Back-Channel Logout Response and HTTP 504 Gateway Timeout

Issue #1487 resolved
Andrii Deinega created an issue

The section states that

If the local logout succeeded but some downstream logouts have failed, the RP MUST respond with HTTP 504 Gateway Timeout.

from my personal experience, lots of network intermediaries can easily override 5** errors and particularly, HTTP 504 (Gateway Timeout) status code. It isn’t uncommon to see all sorts of such network components between an RP and OP these days.

Furthermore, what’s maybe even more important, is that an RP say behind a K8S ingress controller could be literally unavailable or just overloaded. Thus, the controller has legitimate reasons to respond with 503 to backchannel_logout_uri as well as to any other endpoint on the RP side.

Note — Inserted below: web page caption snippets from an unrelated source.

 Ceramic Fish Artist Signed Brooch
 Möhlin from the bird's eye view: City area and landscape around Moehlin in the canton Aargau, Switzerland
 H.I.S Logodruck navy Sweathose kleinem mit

I suggest relying on a special status in the error and error_desciption parameters just like it happens in https://datatracker.ietf.org/doc/html/rfc6749#section-5.2 rather than relying on HTTP 504 to handle this situation. Otherwise, it seems to be very easy to “misinterpret“ obtained results or simply lose “Back-Channel Logout” requests.

Comments (11)

  1. Michael Jones

    I’m curious @Brian Campbell , @Filip Skokan , and @Joseph Heenan what you think of this suggestion.

  2. Michael Jones

    @Andrii Deinega , you may not be aware of this but it’s necessary to sign an OpenID Contribution agreement to contribute to OpenID specifications. I don’t see one on file for you or GlobalLogic at https://openid.net/executed-contribution-agreements/. Please complete one, per the Participation instructions at https://openid.net/wg/connect/. Let us know when you’ve done so.

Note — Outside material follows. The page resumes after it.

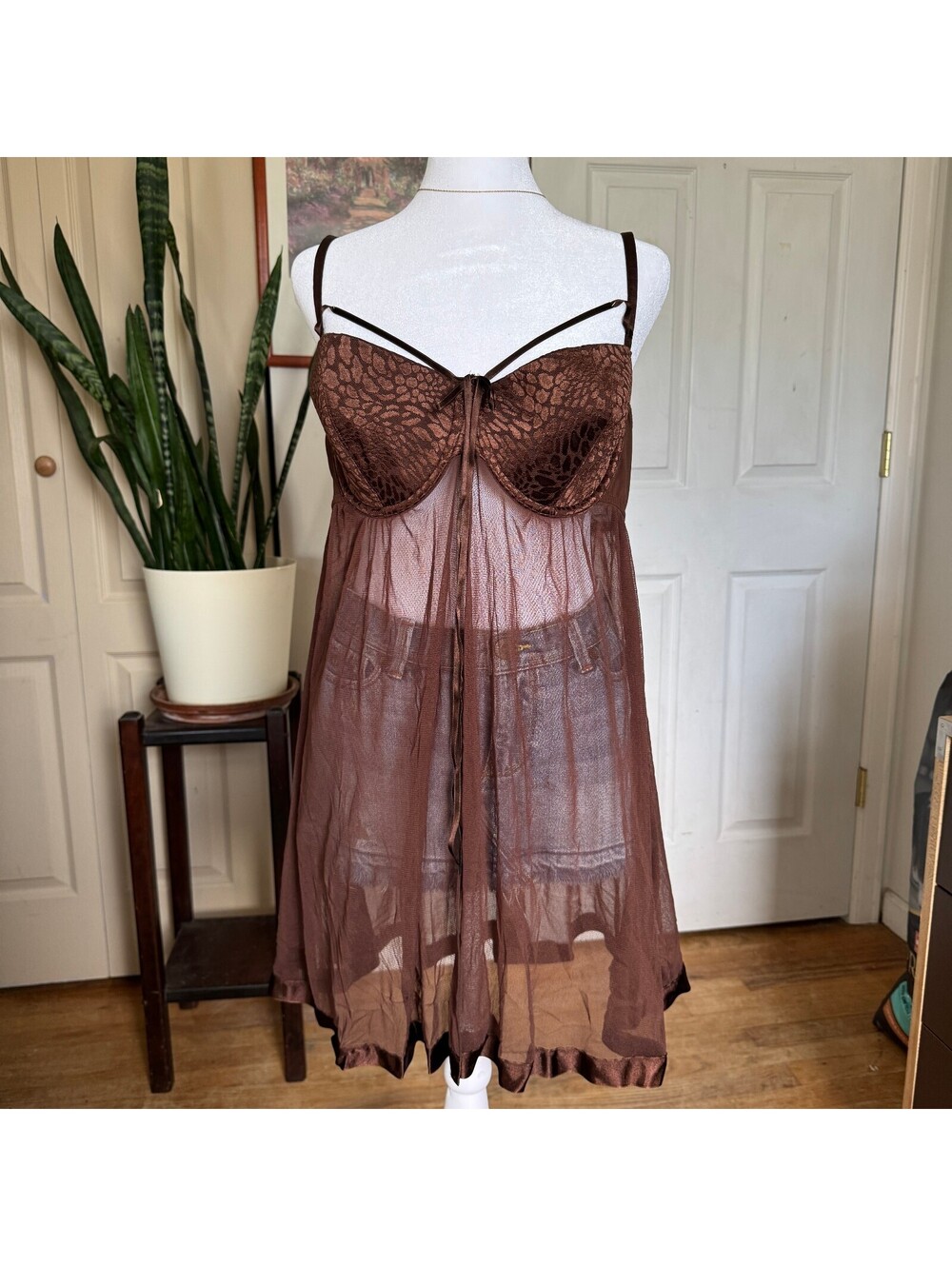 Cacique Brown Sheer Babydoll Lingerie with Animal Print Bra Cups Size 18/20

    While we welcome your useful contributions, until you make it clear that they pose no IPR risk to the OpenID Foundation, we may not be able to act upon them.

  3. Joseph Heenan

    I think I’d tend to agree that providing a providing a more detailed error is perhaps useful, particularly if it’s intended that the callee takes some action based on the response - though this section also doesn’t appear to give any guidance to how these errors should be handled by the recipient. e.g. does 504 implicitly mean “this request might succeed if you try again later” in this case? If it does returning it for all kinds of downstream failures probably isn’t helpful and there should be different codes for temporary vs more permanent failures.

    The same section also says:

    If the logout failed, the RP MUST respond with 501 Not Implemented.”

    which again seems like it’s overly broad and the RP might want to reply with a different code if the logout might work later.

  4. Filip Skokan

    If the local logout succeeded but some downstream logouts have failed, the RP MUST respond with HTTP 504 Gateway Timeout.

    I would say this sentence could be removed altogether, I have a hard time imagining it being interoperable since “some downstream logouts have failed” is a) not something the OP is likely to be aware of and b) doesn’t have any defined consequence at the OP.

    I can get behind two codes, 200 for success, 400 for “i failed to validate your message”. The other mentioned status codes imho do not add value to the specification.

    Rather than enumerating a number of codes with under-defined behaviours a catchall language about “any other status code returned by the RP is to be handled at the OP’s discretion / is out of scope of this specification but may further defined by the OP” would make sense to me.

  5. gffletch

    I agree with Filip. I don’t think we should put any meaning on any 5XX codes other than something at the transport layer happened and the state of the transaction is unknown. Today there can be many intermediaries between the OP and RP which could return 5XX error codes so there is no way for the OP to know whether the request even reached the RP.